ITパスポート試験 過去問解説

E-R図とは?ITパスポート試験 2012年 (平成24年 秋期) 問53を解説

ITパスポート試験 2012年 (平成24年 秋期) 問53は、E-R図に関する理解を問う問題です。検索から入っても、問題文、選択肢、正解、解説、各選択肢がなぜ違うかをこのページだけで確認できます。

問題文

関係データベースの設計で用いられるE-R図が表現するものは何か。

この問題の出題ポイント

  • E-R図の定義だけでなく、問題文中の条件がどの選択肢に当てはまるかを確認する。
  • テクノロジ系分野では、用語の目的・主体・責任範囲の違いが選択肢で問われやすい。
  • 関連タグ: E-R図、データモデリング。

選択肢

  1. 時間や行動などに応じて変化する状態の動き
  2. システムの入力データ,処理,出力データの関係
  3. 対象世界を構成する実体(人,物,場所,事象など)と実体間の関連正解
  4. データの流れに着目したときの,業務プロセスの動き

正解

: 対象世界を構成する実体(人,物,場所,事象など)と実体間の関連

解説

正解はウ.E-R図(Entity-Relationship Diagram:実体関連図)はデータベース設計で対象世界(業務領域)を構成する実体(エンティティ:人・物・場所・事象など)と実体間の関連(リレーションシップ:1対1・1対多・多対多など)を図示するモデリング手法.属性(アトリビュート)も併記する.チェン記法やIDEF1Xなどの記法がある.状態遷移図(動的振る舞い),DFD(データの流れと処理),業務フロー図と区別して覚える.データベース設計上流の概念設計工程で多用される標準手法.用語の本質的な定義と典型的な対比語を押さえる重要論点.

なぜ他の選択肢が違うのか

  • 時間や行動などに応じて変化する状態の動きを表すのは状態遷移図(ステートチャート)の説明.オブジェクトの状態とイベントによる遷移を表現する図で,データ構造を示すE-R図とは目的・記法ともに別物となる動的振る舞いの図.設問の主題と異なる領域の概念で答えにならない.
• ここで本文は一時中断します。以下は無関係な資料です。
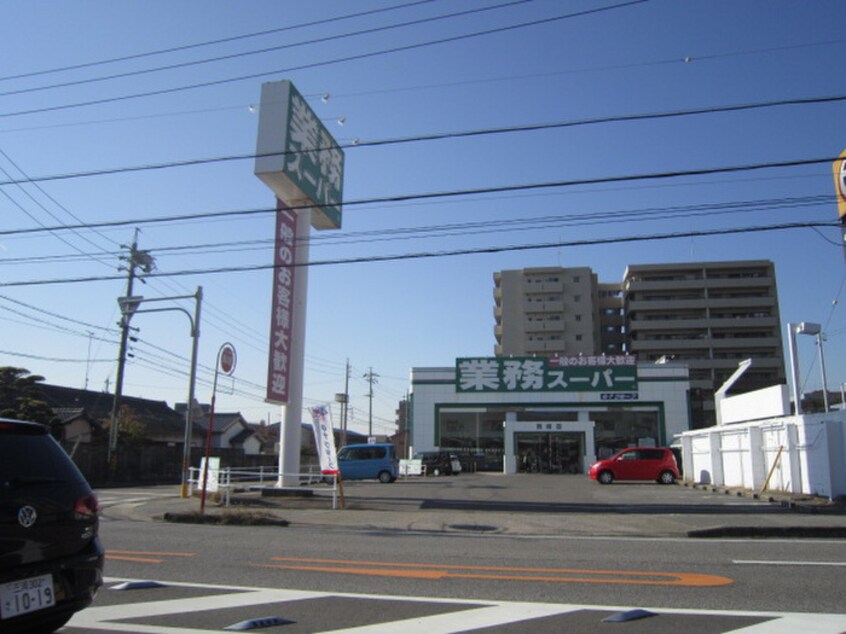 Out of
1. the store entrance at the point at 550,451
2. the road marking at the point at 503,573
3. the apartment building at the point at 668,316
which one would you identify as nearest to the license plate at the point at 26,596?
the road marking at the point at 503,573

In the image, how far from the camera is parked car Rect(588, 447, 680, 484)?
27.9m

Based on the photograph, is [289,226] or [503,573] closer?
[503,573]

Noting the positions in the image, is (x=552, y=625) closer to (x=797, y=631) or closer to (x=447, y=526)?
(x=797, y=631)

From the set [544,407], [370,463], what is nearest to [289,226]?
[370,463]

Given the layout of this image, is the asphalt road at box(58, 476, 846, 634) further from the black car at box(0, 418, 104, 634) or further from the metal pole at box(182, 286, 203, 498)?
the metal pole at box(182, 286, 203, 498)

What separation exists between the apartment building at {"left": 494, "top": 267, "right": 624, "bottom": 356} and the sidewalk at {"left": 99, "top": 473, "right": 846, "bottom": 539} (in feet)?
179

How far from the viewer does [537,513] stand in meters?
15.1

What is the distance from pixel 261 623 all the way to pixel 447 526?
7.75 metres

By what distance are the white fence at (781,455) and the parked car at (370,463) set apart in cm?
1356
  • システムの入力データ・処理・出力データの関係を表すのはDFD(Data Flow Diagram:データフロー図)の説明.プロセスとデータの流れを4記号で表す業務分析手法で,データ構造を表すE-R図とは別の図でDFDが該当する.用語の定義を取り違えやすい紛らわしい選択肢.

  • ウ(正解)

    正解.対象世界を構成する実体(人・物・場所・事象など)と実体間の関連を表すのがE-R図(Entity-Relationship Diagram)の定義.データベースの概念設計で広く用いられる標準的モデリング手法でデータ構造を表現.用語の定義と典型的な使われ方を押さえる.

  • データの流れに着目した業務プロセスの動きを表すのはDFD(データフロー図)の説明.データの送り元・処理・送り先・蓄積を可視化する図でE-R図とは別の手法.業務プロセス分析の手法でデータ構造分析とは異なる..対象や目的が設問の条件と異なるため不適切.

解き方の整理

E-R図の問題では、選択肢のキーワードだけで判断せず、問題文が示す条件と正解選択肢の説明が一致しているかを見ます。誤答選択肢は、似た用語を混ぜる、主体を入れ替える、目的や範囲を広げすぎる、という形で作られることが多いため、選択肢別解説まで確認しておくと復習効率が上がります。